You ready for the second story? This one is totally random, but I heard Chris Moyles mentioning on his Breakfast Show on Radio X that he was considering going gluten free due to digestion issues. I’d literally made the final perfect batch of cakes the morning before! So I thought to myself; ‘wonder if Chris would like one of my cakes’…so I sent him one. I added a letter in the parcel explaining who I am, why I bake free from and that I have a blog. I wasn’t sure if I’d get a mention but it seemed the nice thing to do!
Monday morning imagine my surprise when I came downstairs, after trying to crowbar Lewis out of bed (unsuccessfully), feeling the weight of the world on my shoulders, to then hear Dominique Burns reading my letter out on live radio and describing my Mini Christmas Cakes cute face to the listeners. Chris was a tad weary of eating it after Dom had placed his grubby mits all over it but they all seemed genuinely grateful at my gesture – thank you Breakfast Team, you’ll never understand how much you gave me strength to deal with the day I was going to have ahead of me (that’s another story for another time!)
Anyway, if you humoured me and read this far rather than pressing the skip button, finally here’s the recipe for my Mini Christmas Cakes. I hope you enjoy making these and please do let me know how you got on either in the comments below or via Twitter or Facebook
Free from gluten, dairy, eggs and decorated with a nut free marzipan, these Mini Christmas Cakes cane be enjoyed by everyone this Christmas
- 175 g gluten free plain flour
- ½ tsp ground mix spice
- ½ tsp ground nutmeg
- 1 tsp psyllium husk powder this helps to bind and prevents the cake from crumbling
- 125 g dairy free spread
- 150 g soft dark brown sugar
- 1 tbsp black treacle
- 2 tbsp ground chia seeds
- 100 ml water
- 500 g raisins
- 75 g glace cherries
- 75 g candied peel
- 2 tbsp brandy
- 100 g marshmallows
- 150 g icing sugar
- 20 g dried banana chips
- 10 whole dried apricots
- 2 tbsp water
- 100 ml sunflower oil
- few drops yellow food colouring optional
- 500 g block of fondant icing use white and you can colour what you don't use for hats and scarves etc
- 4 tbsp apricot jam
- Preheat the oven to 180˚C/350˚F/ gas mark 4.
Grease and double line 6 mini baked bean tins with grease proof paper.
Sift the flour, psyllium and spices into a bowl and stir to combine.
In a separate bowl whisk the butter and sugar until light in colour.

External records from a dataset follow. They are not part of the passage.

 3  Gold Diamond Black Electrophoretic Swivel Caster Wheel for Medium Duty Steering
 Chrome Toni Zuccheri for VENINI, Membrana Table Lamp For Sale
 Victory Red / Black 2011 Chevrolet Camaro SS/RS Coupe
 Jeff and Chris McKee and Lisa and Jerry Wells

- Add the treacle and whisk again.
Whisk in the chia seeds
Fold in the sifted dried ingredients, dried fruit and cherries.

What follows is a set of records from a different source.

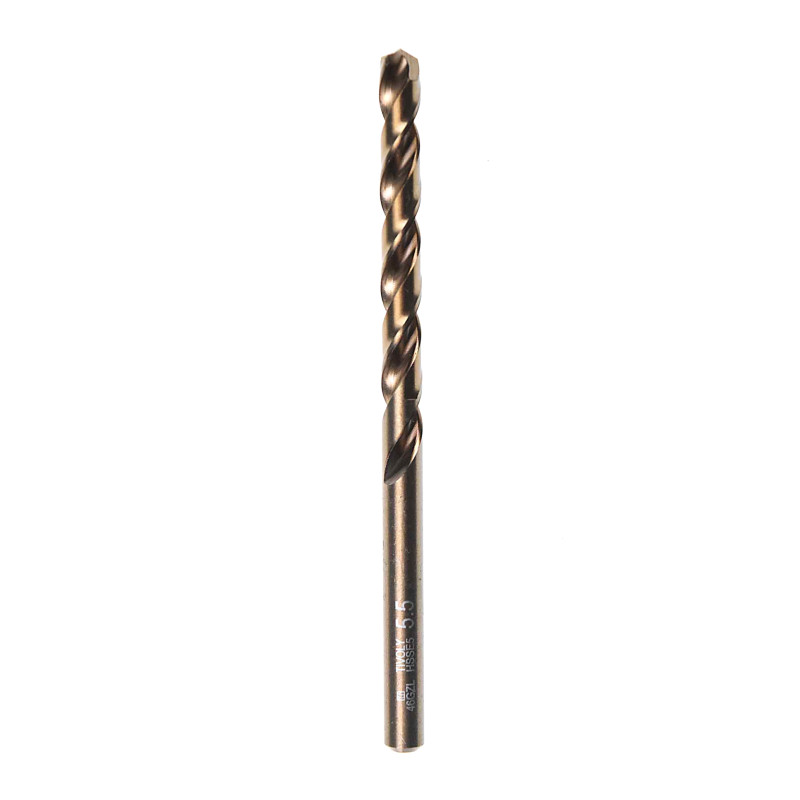 Burghiu pentru metal, HSS-CO, DIN 338, tip N, Tivoly 11455040550, 5.5 x 57 x 93 mm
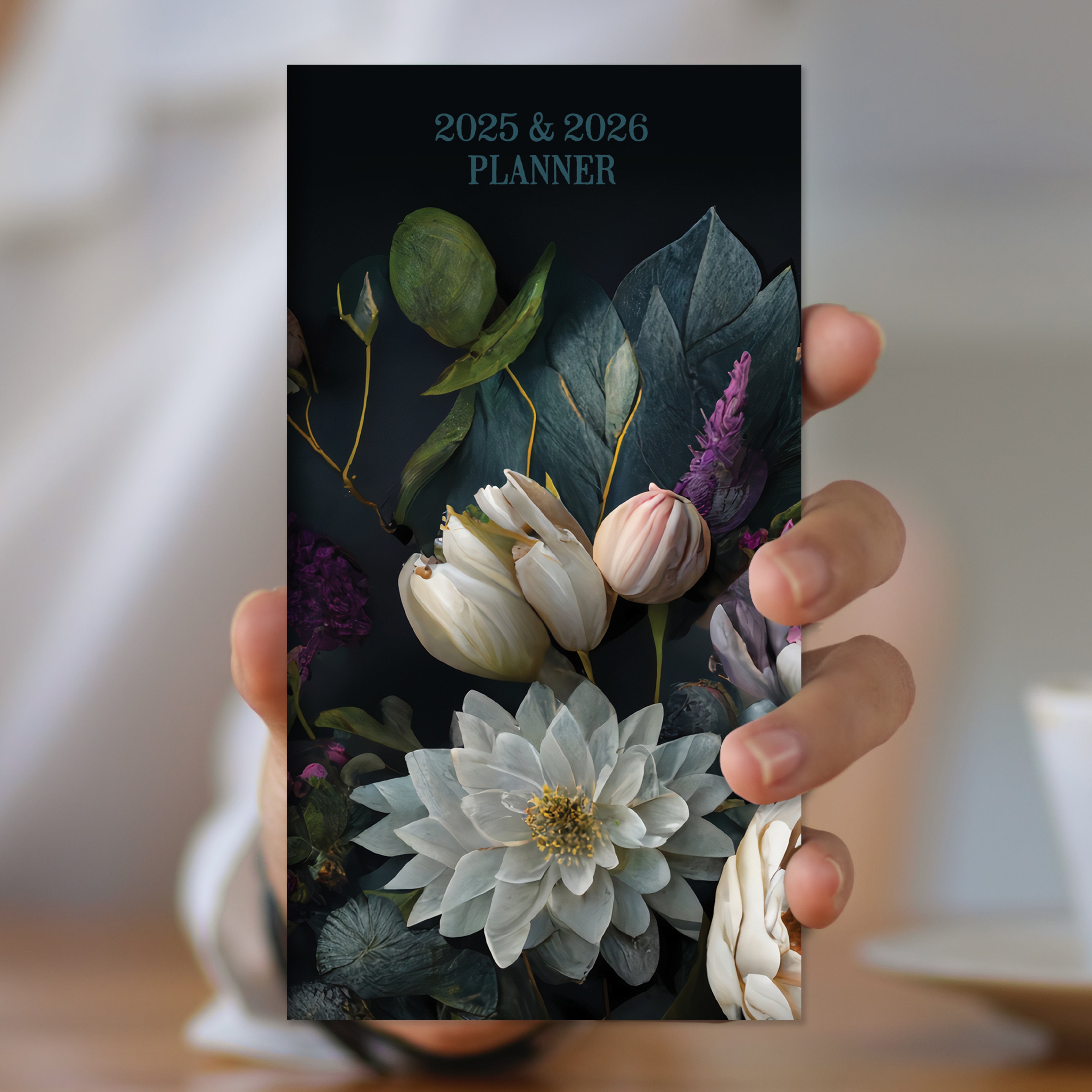 2025-2026 Dutch Flora Small Monthly Pocket Planner SELWII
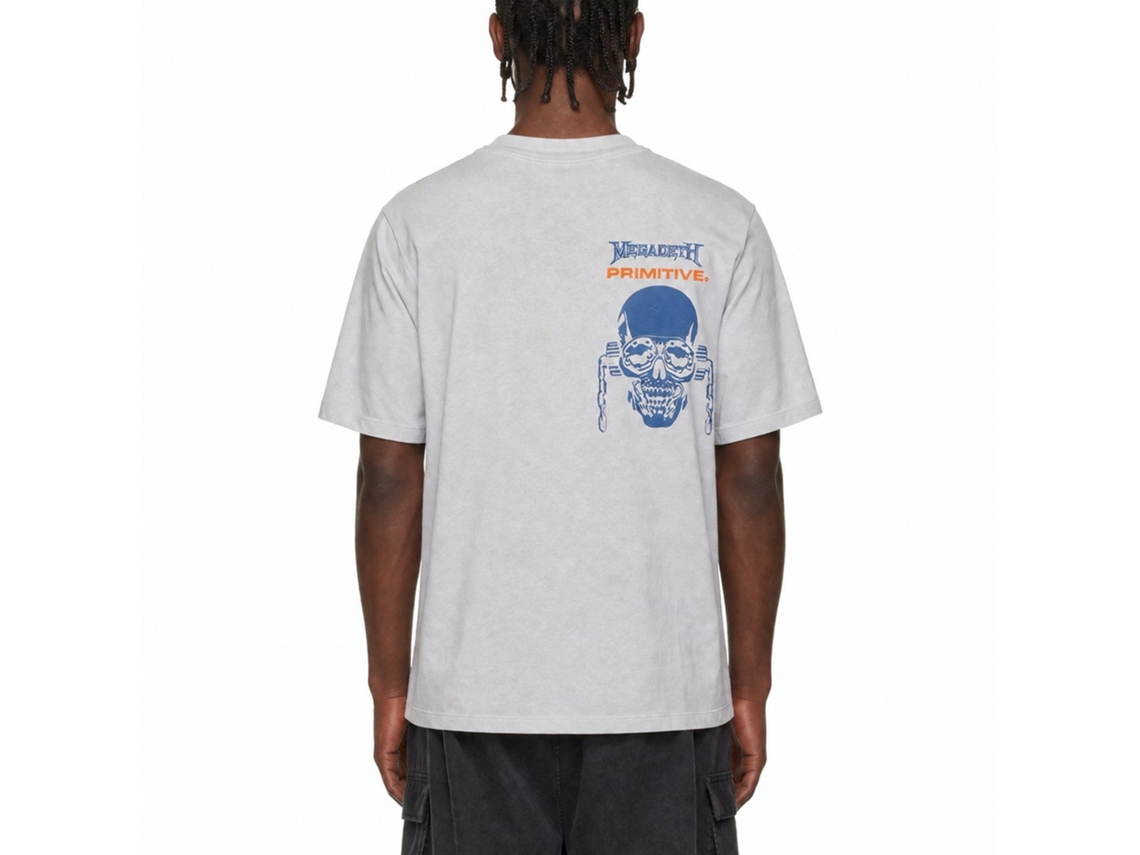 Megadeth X Primitive Dirty P Chains T-shirt White Unisex Adults Size:xxxl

Stir to completely combine then spoon into the prepared tins. Smooth the tops down on each cake with the back of a wet spoon.
- Place in oven and bake for 15 minutes.
After 15 minutes turn down the oven to 140˚C/275˚F/gas mark 1 and bake for 1 hour.

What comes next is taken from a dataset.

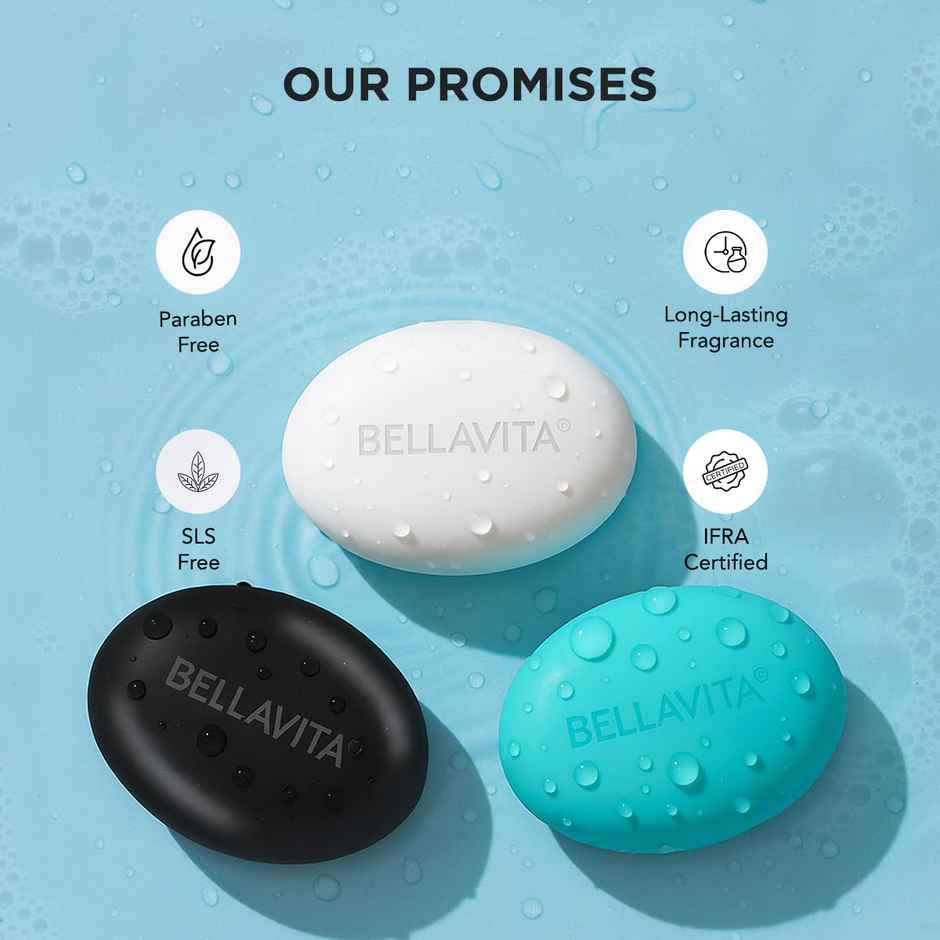 Bella Vita Perfumed Bathing Soap For Men 3 X 100 gm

Check with a skewer to see if they are ready. The skewer should come out clean.
Once cool remove the grease proof paper and turn out to cook on a rack.
To decorate level off the tops of the cakes and cover with marzipan and icing.
In a blender (I actually used my smoothie maker) blitz the apricots and banana chips together until you have fine crumbs, set aside.
Add the marshmallows, water and 1 tsp of the oil to a bowl and heat in the microwave. Times vary so keep an eye on your marshmallows they'll start to expand to twice the size when they're ready.
Remove bowl and add the icing sugar and crumbed apricots and banana and beat together quickly. Add the oil a teaspoon at a time to keep the mixture pliable.
Once the mixture is cool enough to touch tip out onto the kitchen surface DO NOT FLOUR THE SURFACE.
Working quickly, begin to knead the marshmallow fondant. I use the remaining oil to coat my hands and the worktop to aid the kneading process, if you like you can add a little yellow food colouring if you wish.
Your nut free marzipan will be ready once you have a supple dough, it will appear a little greasy once rolled into a ball, don't worry about this.
Pop into the fridge and keep chilled until you're ready to decorate
Be imaginative, you don;t have to attempt my design, a simple marzipan layer followed by fondant and topped with a pre-made sugar craft decoration will look just as beautiful. Remember to paint your cake with apricot jam before adding the marzipan and repeat when you add the fondant to glue each layer into place.
Don’t forget to check out the fab creations from my fellow collaborators I’ll be updating this post with direct links to their recipes as they go LIVE!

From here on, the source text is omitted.